[Crawled caption data]

Segment Open

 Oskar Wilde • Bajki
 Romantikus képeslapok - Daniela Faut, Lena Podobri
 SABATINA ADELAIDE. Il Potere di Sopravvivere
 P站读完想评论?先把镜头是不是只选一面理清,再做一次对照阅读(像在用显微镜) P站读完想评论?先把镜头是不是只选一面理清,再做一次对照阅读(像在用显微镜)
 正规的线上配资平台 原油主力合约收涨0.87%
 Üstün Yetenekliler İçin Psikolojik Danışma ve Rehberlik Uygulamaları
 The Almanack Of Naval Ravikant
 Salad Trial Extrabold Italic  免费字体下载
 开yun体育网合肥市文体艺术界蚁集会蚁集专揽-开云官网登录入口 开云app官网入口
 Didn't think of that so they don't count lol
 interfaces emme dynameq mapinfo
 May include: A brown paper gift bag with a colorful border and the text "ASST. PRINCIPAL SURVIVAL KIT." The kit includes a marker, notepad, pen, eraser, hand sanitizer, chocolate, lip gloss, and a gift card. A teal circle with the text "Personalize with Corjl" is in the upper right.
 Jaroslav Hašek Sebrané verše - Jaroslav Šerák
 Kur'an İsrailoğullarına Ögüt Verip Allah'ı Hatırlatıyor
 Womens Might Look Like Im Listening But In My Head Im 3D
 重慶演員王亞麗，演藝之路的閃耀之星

Segment Closed

All of the data above needs to be set down again exactly. Include every line.

 Oskar Wilde • Bajki
 Romantikus képeslapok - Daniela Faut, Lena Podobri
 SABATINA ADELAIDE. Il Potere di Sopravvivere
 P站读完想评论?先把镜头是不是只选一面理清,再做一次对照阅读(像在用显微镜) P站读完想评论?先把镜头是不是只选一面理清,再做一次对照阅读(像在用显微镜)
 正规的线上配资平台 原油主力合约收涨0.87%
 Üstün Yetenekliler İçin Psikolojik Danışma ve Rehberlik Uygulamaları
 The Almanack Of Naval Ravikant
 Salad Trial Extrabold Italic  免费字体下载
 开yun体育网合肥市文体艺术界蚁集会蚁集专揽-开云官网登录入口 开云app官网入口
 Didn't think of that so they don't count lol
 interfaces emme dynameq mapinfo
 May include: A brown paper gift bag with a colorful border and the text "ASST. PRINCIPAL SURVIVAL KIT." The kit includes a marker, notepad, pen, eraser, hand sanitizer, chocolate, lip gloss, and a gift card. A teal circle with the text "Personalize with Corjl" is in the upper right.
 Jaroslav Hašek Sebrané verše - Jaroslav Šerák
 Kur'an İsrailoğullarına Ögüt Verip Allah'ı Hatırlatıyor
 Womens Might Look Like Im Listening But In My Head Im 3D
 重慶演員王亞麗，演藝之路的閃耀之星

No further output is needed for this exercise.